Draisaitl and McDavid’s Points

Seems like it was just yesterday (actually, it was only a week and a half) that the hockey world was giddily talking about Leon Draisaitl and Connor McDavid both averaging over two points for an entire season and Draisaitl making a run at 50 goals in 50 games.

With 45 points apiece, Edmonton’s Dynamic Duo still holds the top two spots in the NHL scoring race, but has produced well below their lofty standards over the last four games, during which McDavid has no goals and three assists, while Draisaitl has two goals and no assists. That’s a combined 0.50 goals and 1.25 points per game from a tandem that was combining to average 1.68 goals and 3.86 points in 2021-22 prior to beginning this homestand.

In the last four games, Draisatil has gone without a point three times, while McDavid has been pointless twice. In two of those games (against Carolina and Los Angeles), both players failed to record a goal or an assist.

Including the last eight games of the 2020-21 season, Draisaitl and McDavid had a streak of 27 consecutive regular-season games with at least one point between them but have now both gone pointless in three of the Oilers’ last seven games.

Goal Scoring

To that end, the last few games have been an indictment of the Oilers’ depth scoring. With Draisaitl and McDavid being held in check, no one else has stepped up for Edmonton, which during its five-game losing streak, has just two goals from a forward other than Draisiatl or McDavid.

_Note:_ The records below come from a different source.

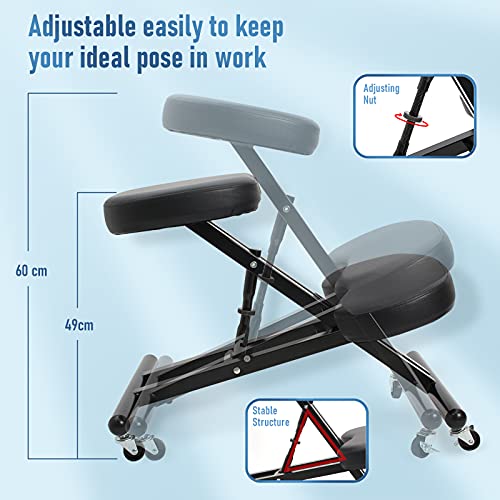 Todeco - Silla de Rodillas Ergonómica Ajustable en Altura 49-60 cm, Silla de Oficina Arrodillada para Corrección de Postura, Taburete Ergonómico para Hogar y Oficina, Material: Cuero de Imitación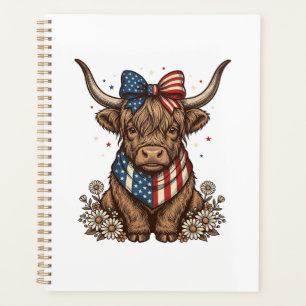 Patriotic Highland Cow Vintage Planner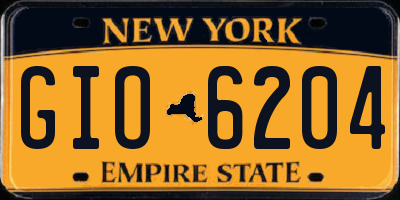 NY license plate GIO6204
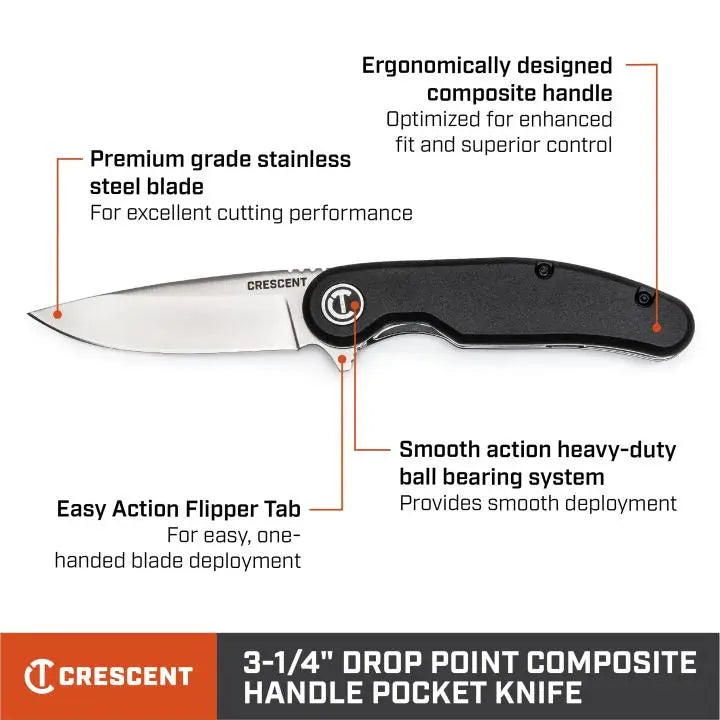 CRESCENT Drop-Point Composite Handle Pocket Knife, 3-1/4 in - GW CPK325C CRESCENT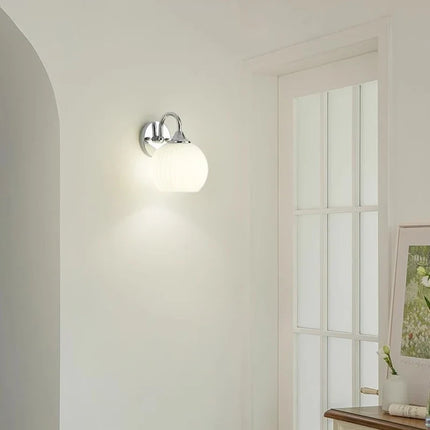 Chrome Wall Lamp with Frosted Glass Globe | Modern Minimalist Design for Soft Ambient Lighting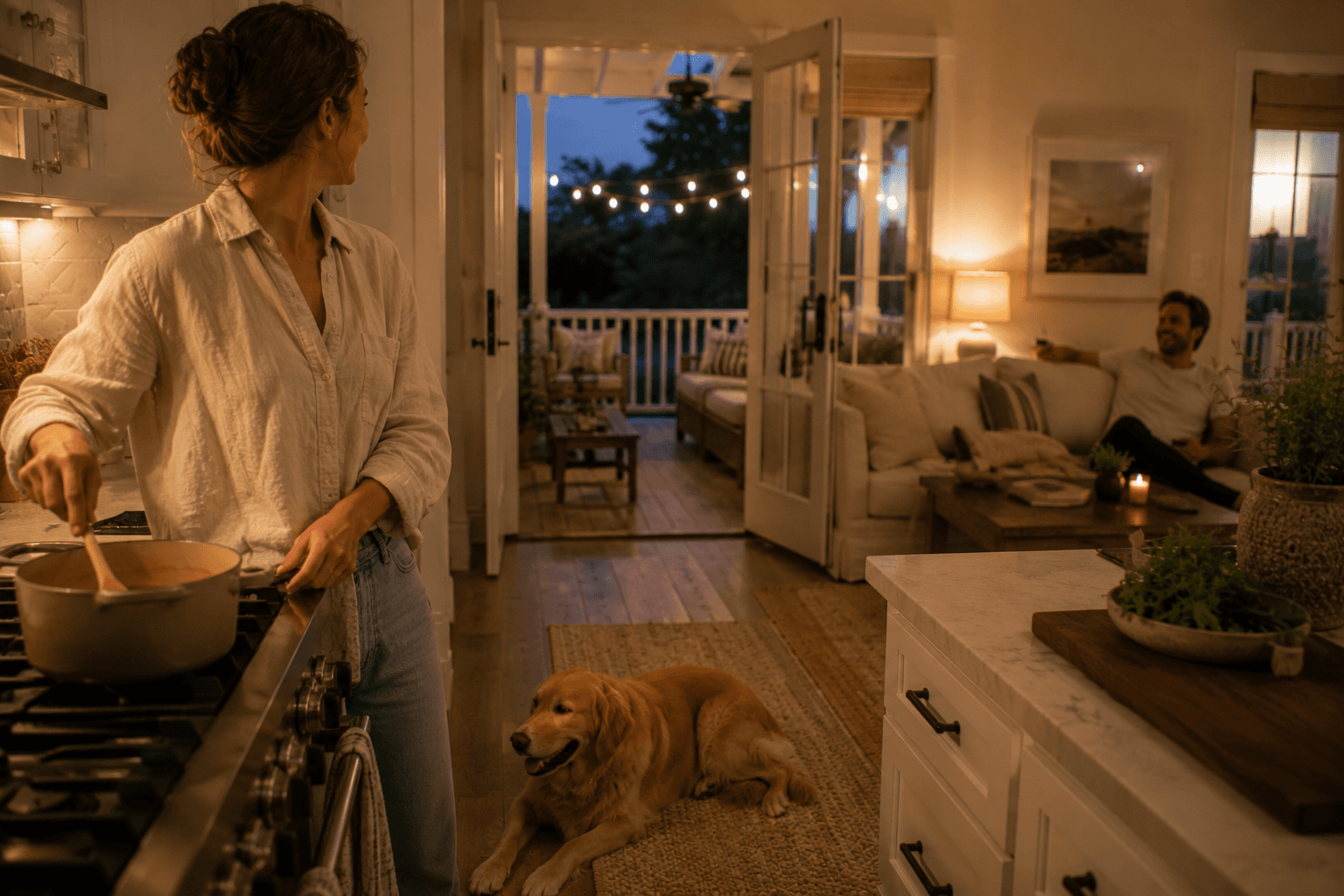 A woman cooking dinner in a warm coastal home while a man relaxes nearby and a golden retriever rests on the floor.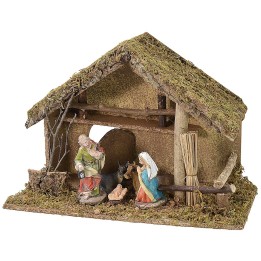 Capanna cm 43x21x30,5 h completa di Natività cm 12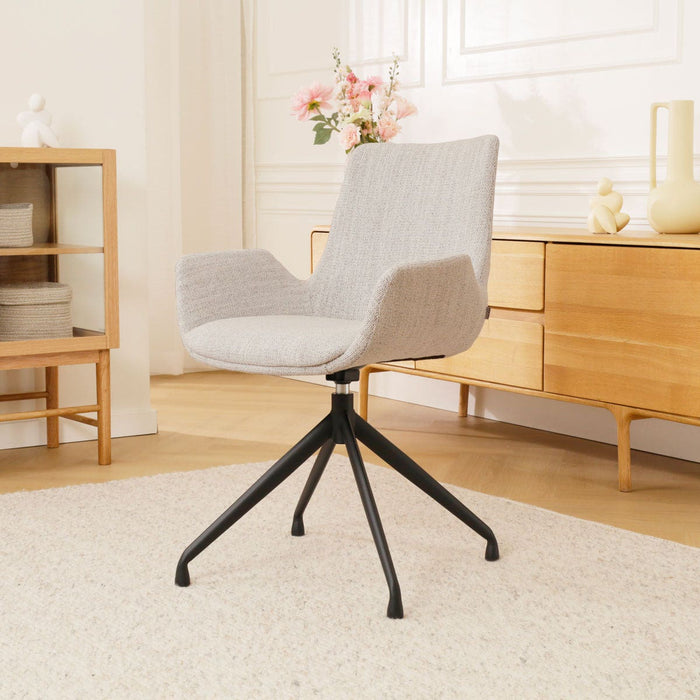 Nolon Nola-Eef Eetkamerstoel Beige Gemêleerd - Draaibaar Zwart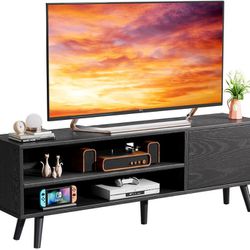 TV Console Table with Storage for TV up to 70 in, Black TV Stand for Media Cable Box Gaming Consoles, Modern TV Stand & Entertainment Center Wood TV S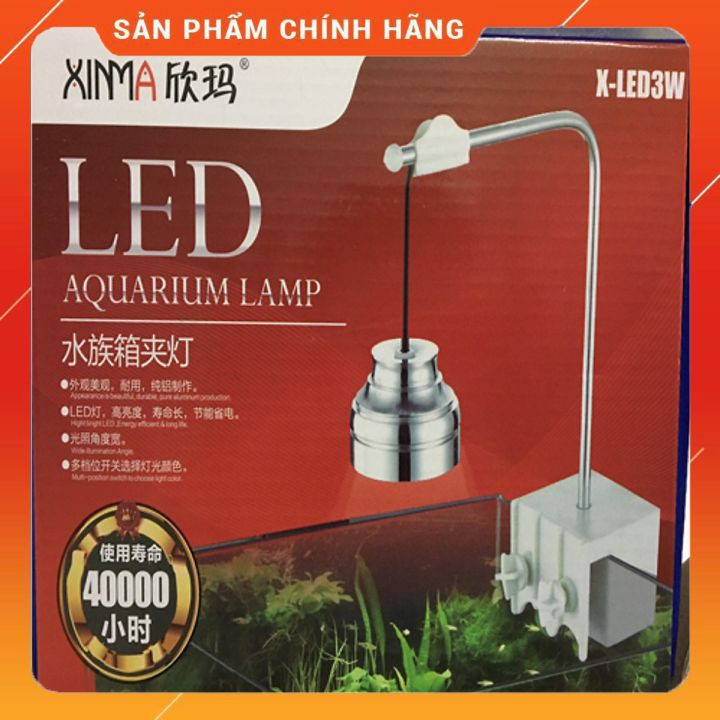 Đèn Rọi, Đèn Kẹp Led Xima 3W Ánh Sáng Trắng Cho Bể Cá Thủy Sinh 20cm-40cm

Related Link: Oilers Need to Play McDavid, Draisaitl & RNH at Center to Spark Offense

In the last four games, Edmonton has just five goals total and scored more than one goal only once. This after the Oilers had scored at least twice in 21 of their first 22 games.

Oilers’ Special Teams Percentages

When they woke up Dec. 5, the day they began their homestand, the Oilers ranked first in the NHL with a 35.3 percent power play and second in the league with an 88.4 percent penalty kill.

Edmonton has since gone 2/14 (14.3 percent) with the man-advantage and a ghastly 6/12 (50 percent) on the PK in losing four in a row at Rogers Place. After being scored on while shorthanded in only six of their first 22 outings, the Oilers have allowed at least one power-play goal in four consecutive games.

As worrisome as these recent trends are, the Oilers have trailed by just one at some point in the third period of every game during their losing steak. So there is reason to give McDavid the benefit of the doubt when the captain said during Saturday’s postgame media availability that he’s not worried because his team’s had a shot at winning the games.

The Oilers will next look to reverse course on Tuesday (Dec. 14), when they return to action to host the surging Toronto Maple Leafs at Rogers Place.